South Park: The Stick of Truth has been a long time coming, first it got delayed and delayed, then it changed publishers to Ubisoft then it got delayed again while there was some talk that it might never see the light of day.
What makes matters worse is that previous games based on the series have been pretty dire, including the awful first person shooter that came out back in 1998. So we were not left with much hope when the new game was first announced.
The good news is that it has finally made release, and the even better news is that it is - what I believe to be - the best South Park title that will ever make it to market. RPG developers Obsidian and the show’s creators Trey Parker and Matt Stone have done a superb job mixing in role-playing elements and keeping true to the South Park look and feel.
The game can be quite in-depth at times too, with numerous roles to pick from and perks, progression and levelling up you would expect to find in any decent RPG. You choose a class at the beginning of the game, I went with Warrior, but you get a choice from others such as Mage, Thief and Jew.
The fighting side of things happen when you either approach or get hit by one of the enemy characters in the game. The fights are JRPG in style with regular attacks and buffs mixed in with special abilities (though South Park based!). Early on in the game you will be trained in various moves by Cartman, one involving you farting on Kenny dressed as a princess, need I say anymore.
Attacks made during these battles can also be improved by timed button presses.
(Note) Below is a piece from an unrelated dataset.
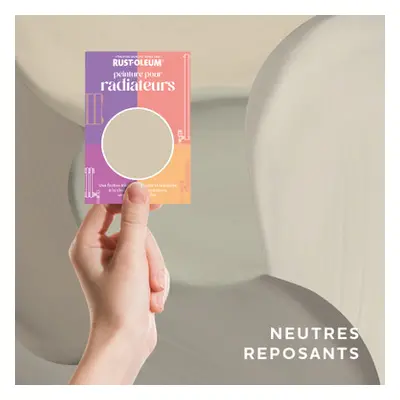 Testeurs Radiateur - Neutres reposants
For example, early on you are joined by Butters and he has options such as Hammer of Justice among others. One attack has you spinning the left thumbstick around and then pressing the Action button on your controller at the right time when prompted. It works well and doesn’t get tiresome, thanks to the excellent voice work, animation and variety of attacks available.
It also isn’t an easy game, you can find yourself killed early on by going after enemies who are too high a level for you, and levelling up is a must-do task early on. Perks are improved by making friends in the game, the more friends you have the more perks you will get. Making friends can be done by either chatting to them or completing a task. Certain friends can also be used as a special fighting friend once in a while, such as God who will come down from the sky and mow-down your enemies in a hail of gunfire.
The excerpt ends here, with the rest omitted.